The spike branch process can feel heavyweight, especially in environments where the process of merging approved code is slow. One alternative is to submit one branch for review with self-contained, independently reviewable commits. Beyond reducing the number of merge-and-rebase cycles, the benefit of this approach is that the reviewer may be able to keep more context in short-term memory than if each change were reviewed independently. However, most CI systems don't automatically perform quality checks on every commit, which sacrifices some self-containedness. The reviewer may have nontrivial feedback, and keeping track of the approval state for each commit and its revisions quickly becomes a burden. Back-and-forths about any one commit delays merging all of them, preventing everyone from benefiting from changes that are otherwise ready to ship. This technique is safe to avoid, and best reserved for those niche situations where you have a series of simple, non-controversial changes that build on top of one another, and remain small even when taken together.

Putting it All Together

Your goal is to make code review as simple and straightforward for the reviewer as possible.

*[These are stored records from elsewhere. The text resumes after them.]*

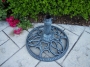 Decorative umbrella stand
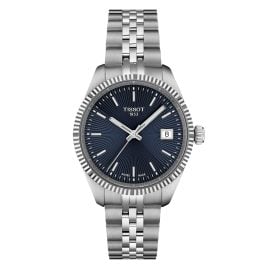 Tissot T156.210.11.041.00 Damenuhr Quarz Ballade 34 mm Stahl/Dunkelblau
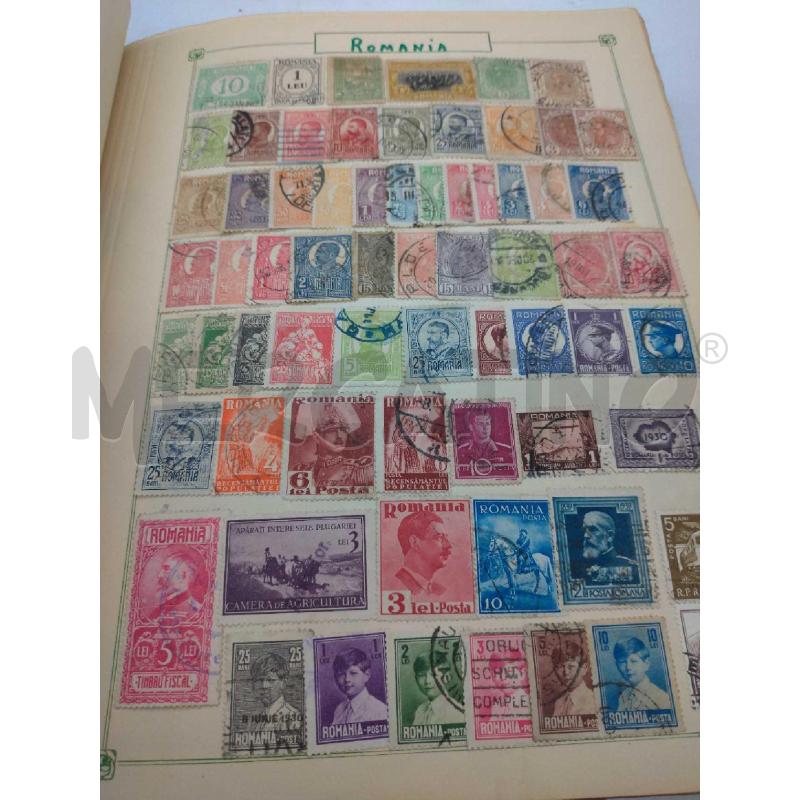 ALBUM FRANCOBOLLI GIGANTE TUTTOL MONDO COPPERTINA ROVINATA | Mercatino dell'Usato Moncalieri bengasi 4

We've seen that lines of code is an imperfect measure of complexity, and that there are some techniques you can use to manage that complexity. Avoid combining multiple unrelated changes into the same review. Even though "is this best thought of as one change or as multiple changes?" can sometimes have a subjective answer, if you find yourself refactoring at the same time as doing feature work or bug fixes, you know that the answer to that question is "multiple changes.” If, while developing, you find yourself changing lots of things because you won't know for sure how everything should look until all of it’s done: don't sweat it. Just split it into pieces when you’re done, make sure that each piece passes quality checks, and link to whatever is yet-to-be-reviewed-so-far for context when helpful.